Elsevier

Biological Psychology

Volume 104, January 2015, Pages 139-146
Biological Psychology

Attentional bias modification facilitates attentional control mechanisms: Evidence from eye tracking

https://doi.org/10.1016/j.biopsycho.2014.12.002Get rights and content

Highlights

  • Examined whether attentional bias modification (ABM) modulated attentional control.

  • Pre–post changes in attentional control were assessed with an antisaccade task.

  • ABM was associated with a decrease in threat bias as expected.

  • ABM was further associated with a general facilitation of attentional control.

  • The attentional control facilitation did not mediate the attenuation of threat bias.

Abstract

Social anxiety is thought to be maintained by biased attentional processing towards threatening information. Research has further shown that the experimental attenuation of this bias, through the implementation of attentional bias modification (ABM), may serve to reduce social anxiety vulnerability. However, the mechanisms underlying ABM remain unclear.
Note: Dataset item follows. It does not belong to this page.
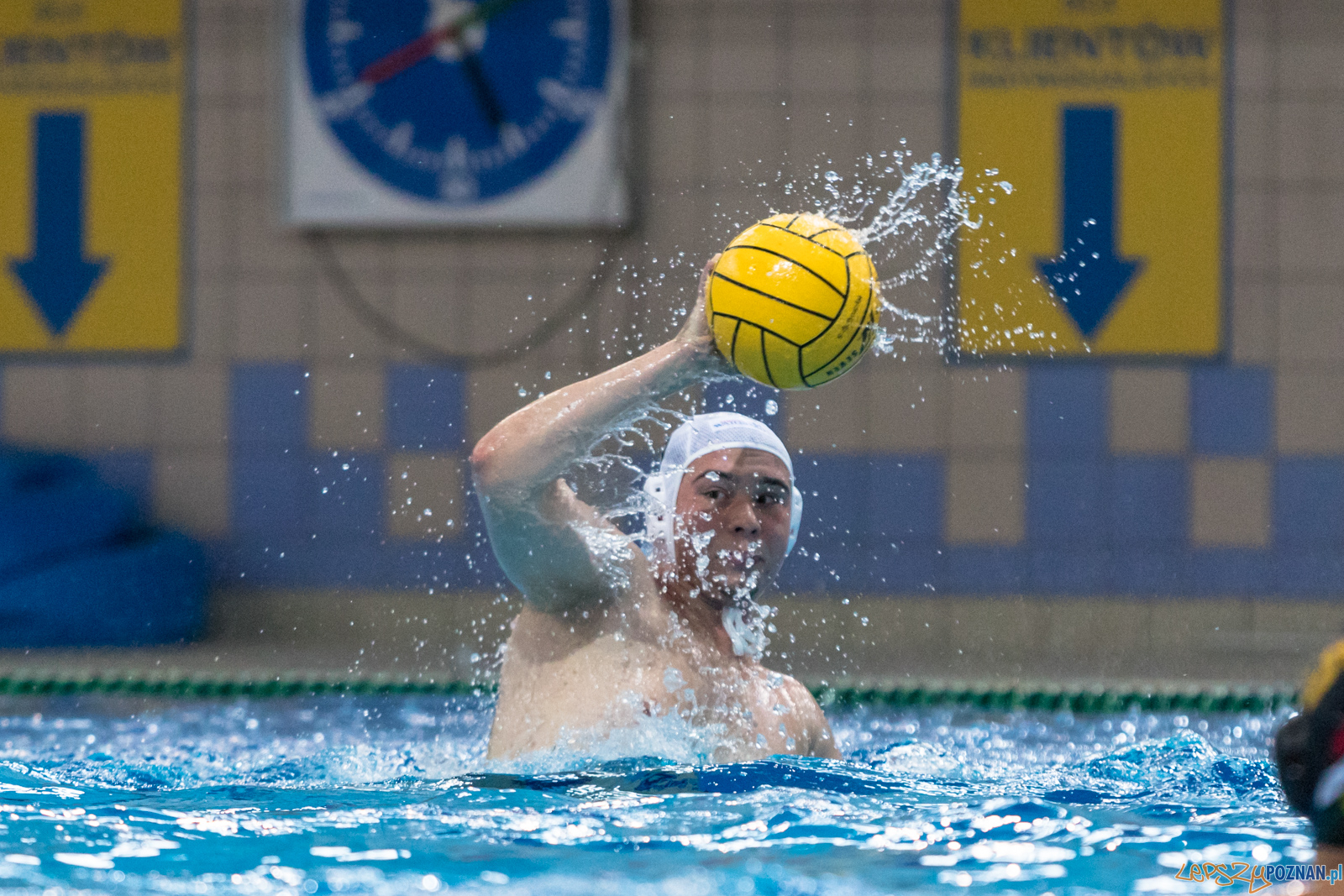 Waterpolo Cup 2019 - Waterpolo Poznań - Alfa Gorzów Wielkopols Foto: lepszyPOZNAN.pl/Piotr Rychter Waterpolo Cup 2019 - Waterpolo Poznań - Alfa Gorzów Wielkopols Foto: lepszyPOZNAN.pl/Piotr Rychter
The present study examined whether inhibitory attentional control was associated with ABM. A non-clinical sample of participants was randomly assigned to receive either ABM or a placebo task. To assess pre–post changes in attentional control, participants were additionally administered an emotional antisaccade task. ABM participants exhibited a subsequent shift in attentional bias away from threat as expected. ABM participants further showed a subsequent decrease in antisaccade cost, indicating a general facilitation of inhibitory attentional control. Mediational analysis revealed that the shift in attentional bias following ABM was independent to the change in attentional control. The findings suggest that the mechanisms of ABM are multifaceted.

Introduction

Social anxiety disorder (SAD) is a debilitating form of mental illness characterized by an excessive fear of negative social evaluation. Cognitive theories have emphasized the role of aberrant information processing in the maintenance and exacerbation of this condition, with particular emphasis on early attentional processing (Mogg and Bradley, 1998, Williams et al., 1997). A strong base of empirical literature suggests that SAD is characterized by an attentional bias favouring the processing of social threat stimuli (Bar-Haim, Lamy, Pergamin, Bakermans-Kranenburg, & van Ijzendoorn, 2007). That is, socially anxious individuals may preferentially allocate attentional resources to the detection of cues in their environment which may indicate social disapproval.1 This attentional bias to threat serves to maintain anxiety by disproportionately elevating arousal in social situations, falsely confirming various negative cognitions, and triggering maladaptive safety behaviours (Rapee & Heimberg, 1997).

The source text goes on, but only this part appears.